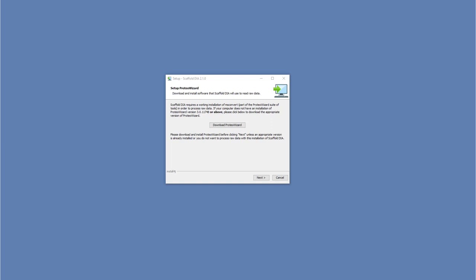Note, this will download a separate installer. Work through the ProteoWizard installer to completion before returning to the Scaffold DIA installer.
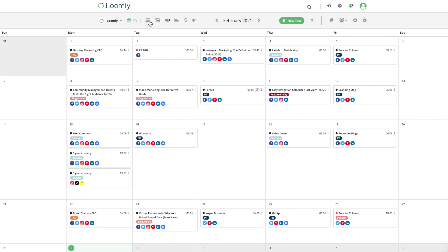Welcome to Loomly! In this video, you will learn how to set up and manage an editorial calendar within Loomly.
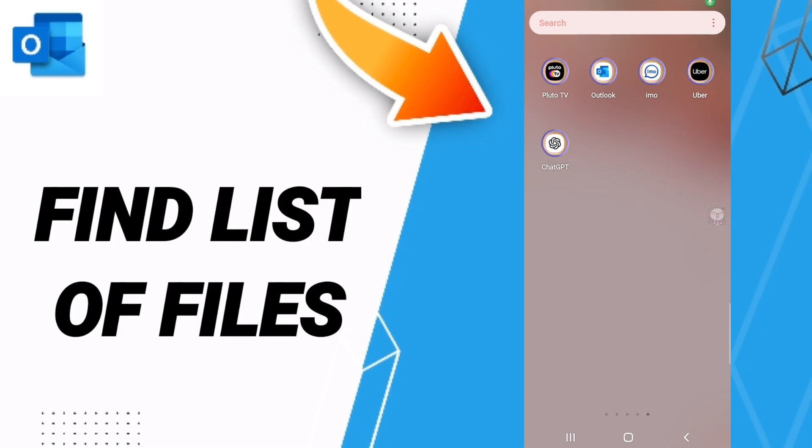Hi everyone, today we'll talk about how to find the list of all files on the Outlook application. To find the list of all files on Outlook, you should just go to the Outlook app.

• WORK ITEM: The material above must be set down word for word, with no picture carried over.

• EXERCISE RESPONSE:
Note, this will download a separate installer. Work through the ProteoWizard installer to completion before returning to the Scaffold DIA installer.
Welcome to Loomly! In this video, you will learn how to set up and manage an editorial calendar within Loomly.
Hi everyone, today we'll talk about how to find the list of all files on the Outlook application. To find the list of all files on Outlook, you should just go to the Outlook app.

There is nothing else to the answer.